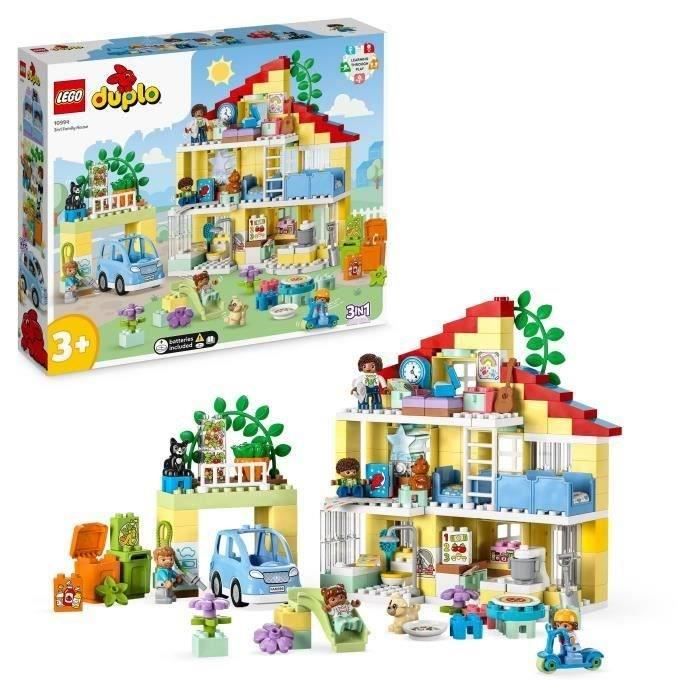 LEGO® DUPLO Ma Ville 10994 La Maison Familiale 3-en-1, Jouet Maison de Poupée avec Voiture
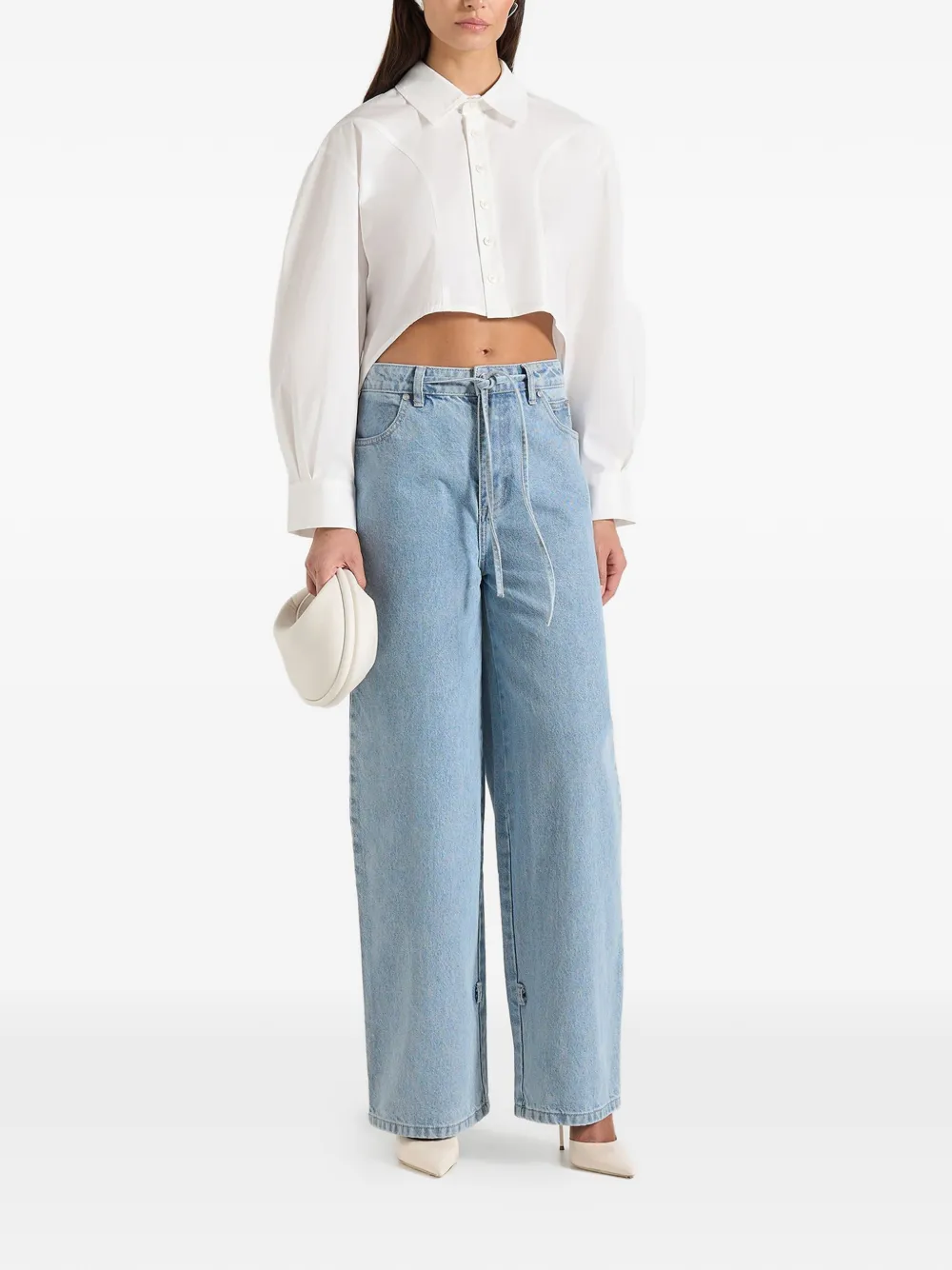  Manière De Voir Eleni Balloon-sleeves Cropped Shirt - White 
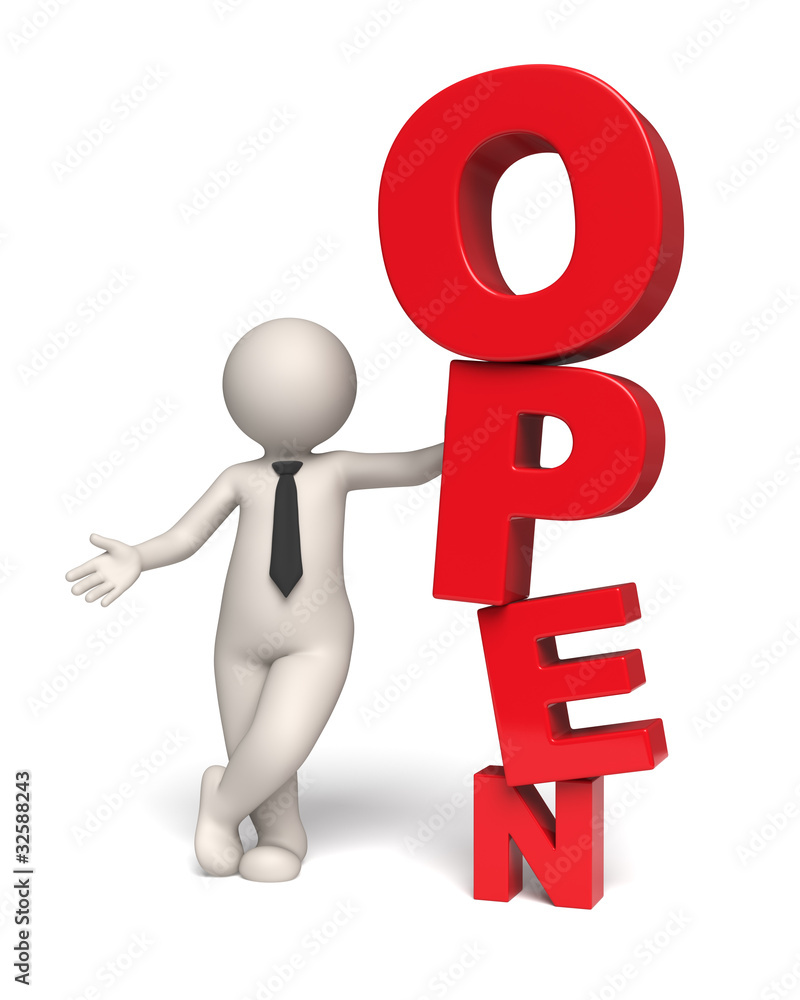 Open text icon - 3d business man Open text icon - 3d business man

○ ○ ○ ○

Repeat the full listing above exactly, with no pictures in the copy.

● Answer box
 LEGO® DUPLO Ma Ville 10994 La Maison Familiale 3-en-1, Jouet Maison de Poupée avec Voiture
  Manière De Voir Eleni Balloon-sleeves Cropped Shirt - White 
 Open text icon - 3d business man Open text icon - 3d business man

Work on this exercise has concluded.